Behind us in the road
More than friends, I always pledged
Cause friends they come and go
People change, as does everything
I wanted to grow old
I just want to grow old
Slide up next to me
I'm just a human being
I will take the blame
But just the same
This is not me
You see?
Believe
I'm better than this
Don't leave me so cold
I'm buried beneath the stones
I just want to hold on
I know I'm worth your love
Enough
I don't think
There's such a thing
It's my fault now
Having caught a sickness in my bones
How it pains to leave you here
With the kids on your own
Just don't let me go
Help me see myself
Cause I can no longer tell
Looking out from the inside
Of the bottom of a well
It's hell
I yell
But no one hears before I disappear
Whisper in my ear
Give me something to echo
In my unknown future's ear
My dear
The end
Comes near
I'm here
But not much longer
I spent the entire of last year getting myself through things, schedules, routines and my life like it was robotic and pretty much numb. I keep thinking that there is something I missed or I shouldn't have let it pass me by.
Holidays is becoming something I actually dread. I can't believe I'm saying this but somehow, it just seems too slow. I wonder why or when I started to love the rush of a busy and hectic schedule. I'm sure I'll regret not enjoying my holidays more now when I'm working in the future.

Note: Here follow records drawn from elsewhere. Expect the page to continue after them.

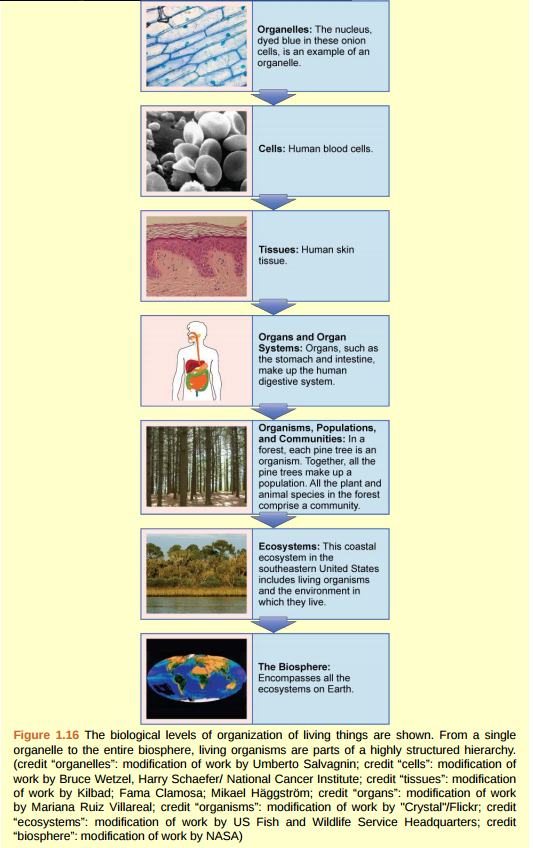 Figure 1.16 Which of the following statements is false? A) Tissues exist within organs which exist within organ systems. B) Communities exist within populations which exist within ecosystems. C) Organelles exist within cells which exist within tissues. D) Communities exist within ecosystems which exist in the biosphere.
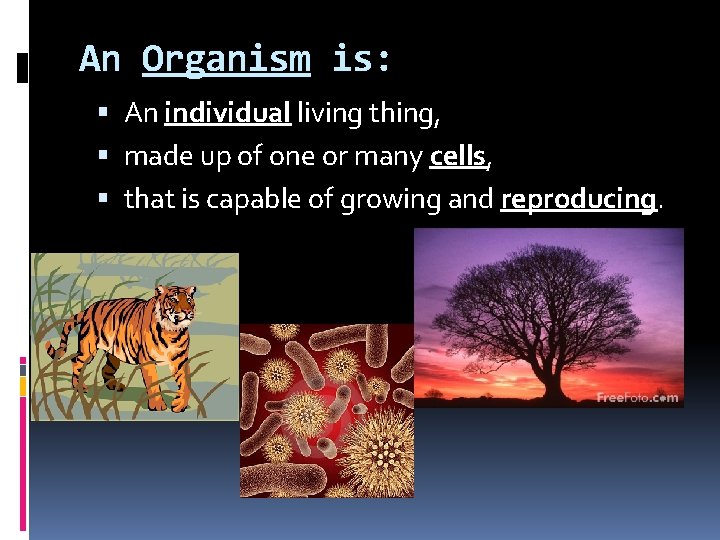 An Organism is: An individual living thing, made up of one or many cells,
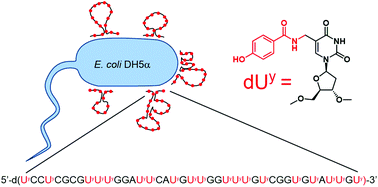 Graphical abstract: Whole cell-SELEX of aptamers with a tyrosine-like side chain against live bacteria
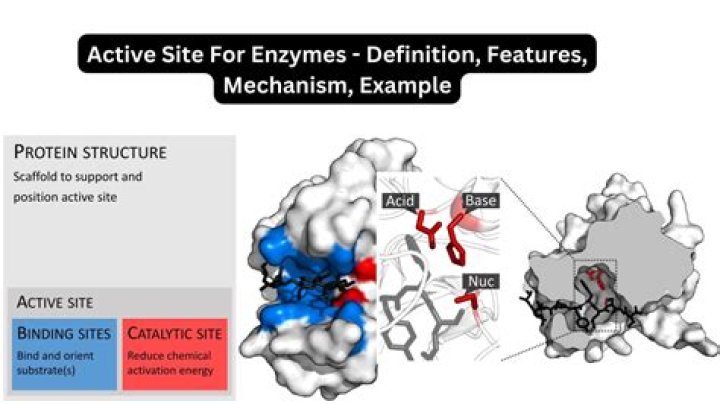 What is enzyme soap? | ContextResponse.com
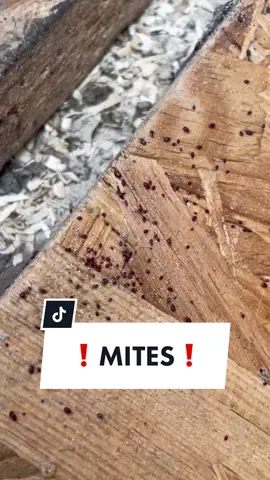 That is what we do to get rid of mites. 🕷️ We use a combination of the Mite-STOP spray and Kieselguhr. You can use the spray as „contact spray“, „enviroment spray“ and as a preventive masure.  We will keep you updated ! @AniForte #aniforte #mites #redmites #chickensoftiktok #chickentok #backyardchickens #chickencoop #paulas_chicks #viral #fyp 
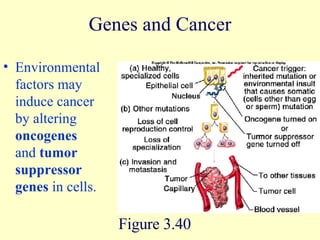 Genes and Cancer Environmental factors may induce cancer by altering  oncogenes  and  tumor suppressor genes  in cells. Figure 3.40 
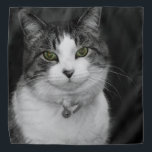 Dare to look in my Green Eyes Bandana<br><div class="desc">Baby, een vrouw Siamese kat wacht rustig op een traktatie. Op zoek naar meer prints of producten? Je kunt mijn winkel bezoeken: http://www.zazzle.com/timelessmomentsphtgy Deze foto is genomen door Jennifer White met Timeless Moments Photography. Alle afbeeldingen zijn auteursrechtelijk beschermd © Timeless Moments Photography/Jennifer White. Alle rechten voorbehouden. Het kopiëren en/of distribueren...</div>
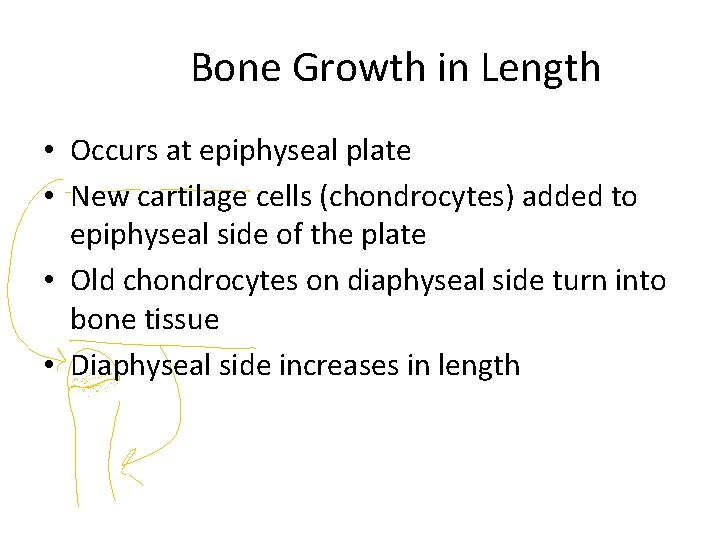 Bone Growth in Length • Occurs at epiphyseal plate • New cartilage cells (chondrocytes)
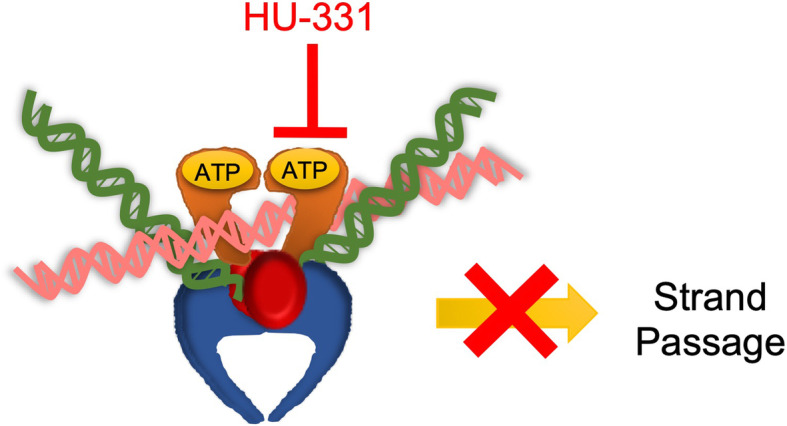 HU-331 inhibits the catalytic cycle of topoisomerase II. TOP2 (orange, red, and blue) binds to two segments of DNA (pink and green). HU-331 blocks ATP hydrolysis by the ATPase domain (orange), which results in the inability to perform strand passage and traps the enzyme on DNA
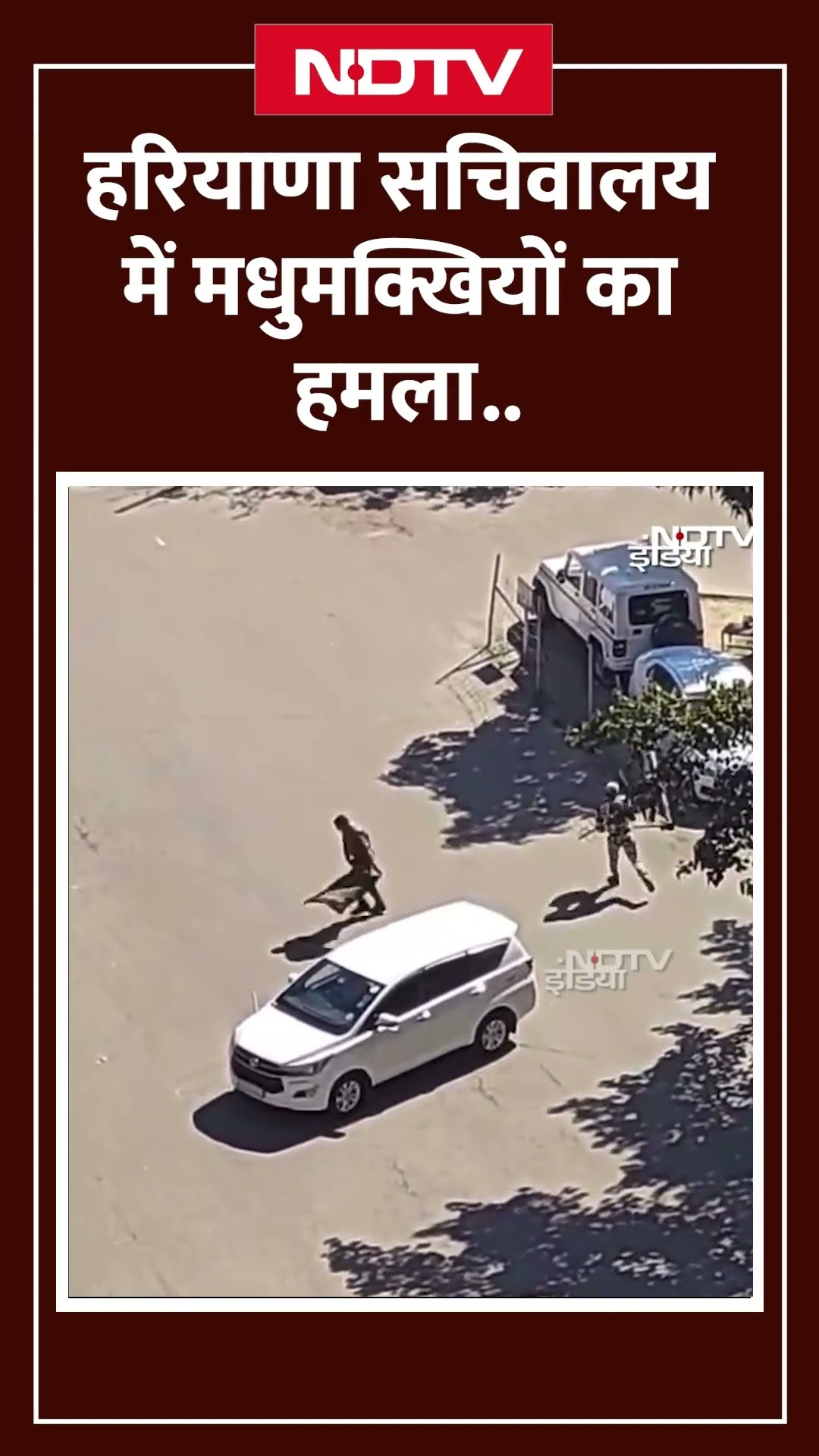 Haryana सचिवालय में मधुमक्खियों का हमला, दो CISF कर्मचारी घायल | Honey Bee Attack | Viral Video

2010 was a year of utter breakthrough filled with both the good and the bad. Most importantly it was a year of unending freshness. I've never experienced so many new things and I've never had a more tearful year. The tears have been shed over and over again and now.. it's finally stopped and it freaks me out.
The worst fear is not knowing the fact that I can't change things, but knowing that I have stopped to care and that I have given up. I can't shake this feeling off and it scares me to know that I can actually turn my mind off. Not that it's not a good thing; it's a good break to shut off my mind but I'm afraid that I have kept it off for too long that I'm now immune and numb.
So afraid that it makes my body shiver.. Seeing but truly seeing, knowing but not shaken, fearing but not at all moved.
I have finally admitted it. My defeat.
Tuesday, January 4, 2011
Oh my.. it's 2011 already. It actually just dawned on me that I'm turning 21. I couldn't really grasps the fact that I was turning 12, let alone 21. Still, I doubt that much of me is different. Nope. I highly doubt my 21-to-be self is any more different than my 20-plus self.
There's so much I would want to pen down, believe me, much has happened. Still, life happened. I practically rushed through the last half of 2010. From books to assignments to crazy projects to camp to my family trip. Don't get me wrong, it was enjoyable; it just all felt like a mad rush. I guess this year's probably gonna be the same.
Funny thing bout all this is that I still manage to squeeze in time for stuff like watching Chuck in high-speed marathon mode, catching up with friends from high school in really short lunch dates, etc.